Most significantly, the Bench then minces no words to hold in para 31 that, “It is no doubt true that cancellation of bail cannot be limited to the occurrence of supervening circumstances. This Court certainly has the inherent powers and discretion to cancel the bail of an accused even in the absence of supervening circumstances. Following are the illustrative circumstances where the bail can be cancelled :-
a) Where the court granting bail takes into account irrelevant material of substantial nature and not trivial nature while ignoring relevant material on record.
b) Where the court granting bail overlooks the influential position of the accused in comparison to the victim of abuse or the witnesses especially when there is prima facie misuse of position and power over the victim.
c) Where the past criminal record and conduct of the accused is completely ignored while granting bail.
d) Where bail has been granted on untenable grounds.
e) Where serious discrepancies are found in the order granting bail thereby causing prejudice to justice.
f) Where the grant of bail was not appropriate in the first place given the very serious nature of the charges against the accused which disentitles him for bail and thus cannot be justified.
g) When the order granting bail is apparently whimsical, capricious and perverse in the facts of the given case.”
It cannot be glossed over that the Bench then points out in para 35 that, “Coming to the present case at hand, the Respondent No.2/Accused was arrested on 13.01.2021 subsequent to which, he had applied for regular bail before the Sessions Court which was rejected on the ground that he is named in the FIR on the basis of the information provided by the deceased himself and that the same has been clarified after perusal of the documents/forms that the bullet was shot by the Respondent No. 2/Accused himself. Being aggrieved by the same, Respondent No.2/Accused filed an application under Section 439 Cr.P.C before the High Court seeking regular bail. The High Court vide its impugned order granted bail to the Respondent No.2/Accused without considering the relevant facts and circumstances.”

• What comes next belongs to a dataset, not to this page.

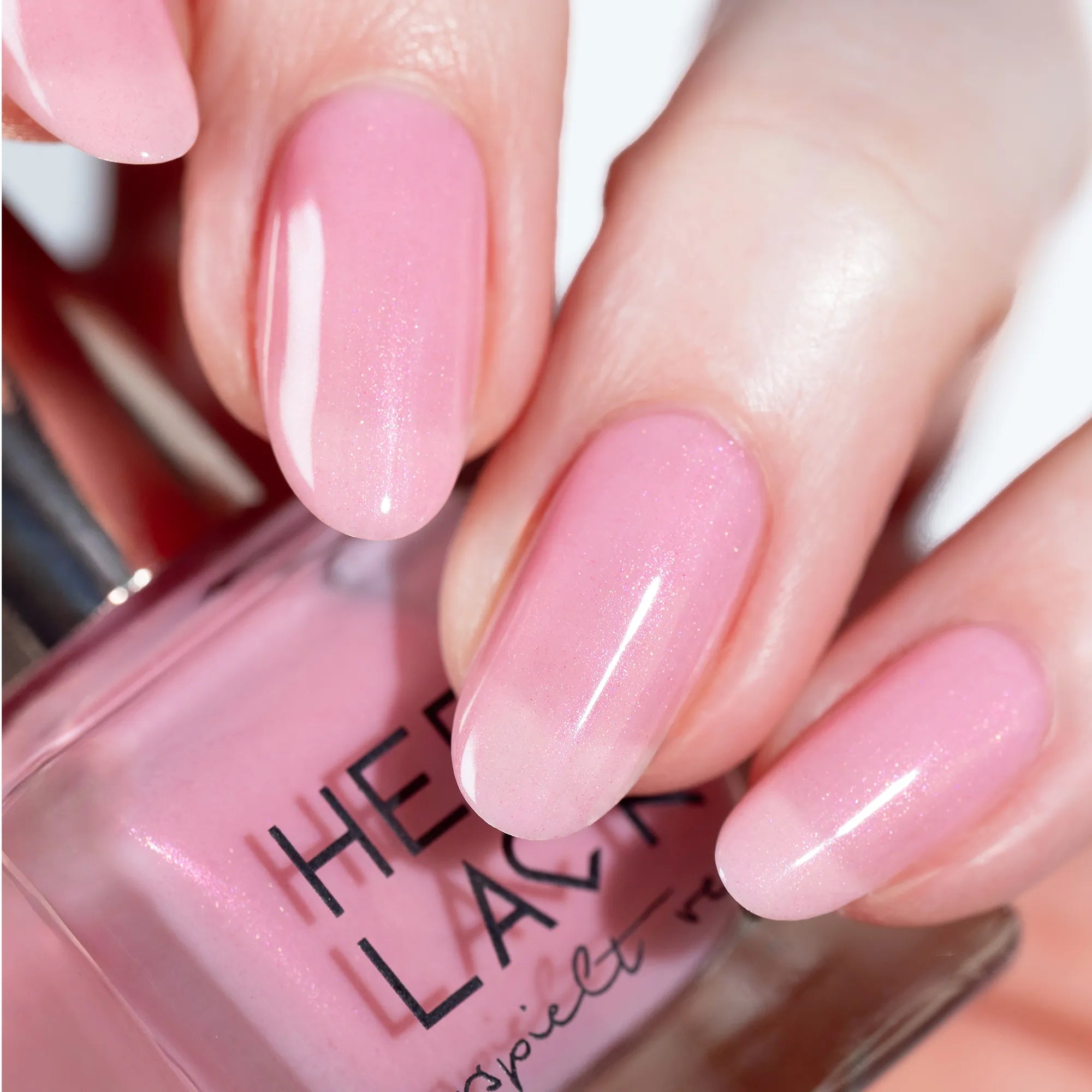 Rosy Blush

Most remarkably, the Bench then lays bare in para 36 that, “A bare perusal of the impugned order reveals that the High Court has failed to take into consideration the following:-
· espondent No.2/Accused has been named in the FIR bearing Crime Case No. 16/2021 lodged under Sections 302 and 34 IPC and was the main assailant who had a weapon in his hand.
· The main role of Respondent No.2/Accused was that he opened fire at the deceased due to which the bullet hit his right cheek and made its exit through the other side.

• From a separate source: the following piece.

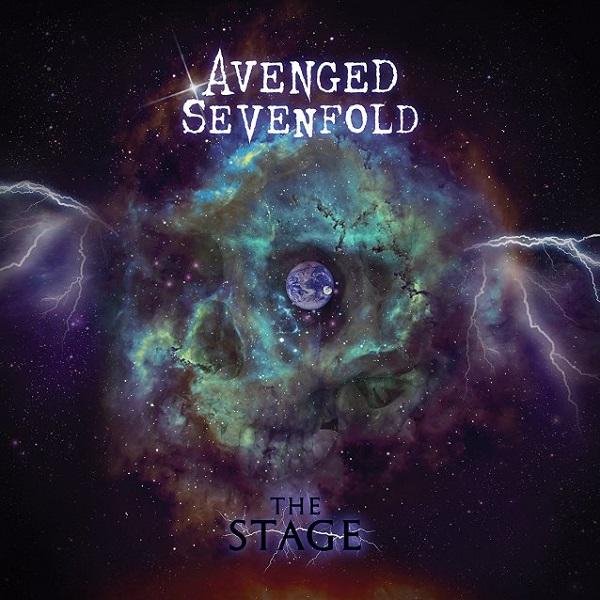 Avenged Sevenfold - Sunny Disposition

· The deceased succumbed to his injuries on 14.01.2021.
· Respondent No.2/Accused had the intention to murder the deceased as there was previous enmity between him and the deceased with regard to some land which Respondent No.2 threatened to grab.
· On being asked about the incident by the Appellant/Informant’s mother, the deceased replied “Ratipal ka dusra number ka ladka aur ram asre ka putra Sushil Yadav ne pull par gaadi rukwakar goli maar di hai or unke sath 2 ladke aur the”. On re-clarifying, the deceased replied “Ratipal ka dusra number ka ladka matlab Harjeet Yadav”.
· Respondent No.2/accused has clearly been named by the deceased and he was actively involved in opening fire which caused the death of the deceased.
· Respondent No. 2/Accused’s statement was recorded by the then IO under Section 161 Cr.P.C in which he admitted to having committed the offence.
· Respondent No. 2 has a criminal history and several criminal matters have been lodged against him:
(1) Case Crime no. 016/2021 u/s 302/34 IPC
(2) Case Crime no. 020/2021 u/s 25 of the Arms Act
(3) Proceedings of 110G on 05.11.2021
(4) Beat Information (G.D No. 33) dated 18.12.2021
(5) Beat Information (G.D. No. 44) dated 19.12.2021.”
Most forthrightly, the Bench then mandates in para 37 that, “There is certainly no straight jacket formula which exists for courts to assess an application for grant or rejection of bail but the determination of whether a case is fit for the grant of bail involves balancing of numerous factors, among which the nature of the offence, the severity of the punishment and a prima facie view of the involvement of the accused are important. This Court does not normally interfere with an order passed by the High Court granting or rejecting bail to the accused. However, it is equally incumbent upon the High Court to exercise its discretion judiciously, cautiously and strictly in compliance with basic principles laid down in a catena of judgments by this Court.”
It must be noted that the Bench then in the same vein adds in para 38 that, “However having said that, in the case at hand, it is manifestly incorrect on the part of the High Court to have granted bail to the Respondent No.2/Accused without taking into consideration the relevant facts and circumstances and appropriate evidence which proves that the Respondent No.2/Accused has been charged with a serious offence.”
It is worth noting that the Bench then observes in para 39 that, “Grant of bail to the Respondent No.2/Accused only on the basis of parity shows that the impugned order passed by the High Court suffers from the vice of non-application of mind rendering it unsustainable. The High Court has not taken into consideration the criminal history of the Respondent No.2/Accused, nature of crime, material evidences available, involvement of Respondent No.2/Accused in the said crime and recovery of weapon from his possession.”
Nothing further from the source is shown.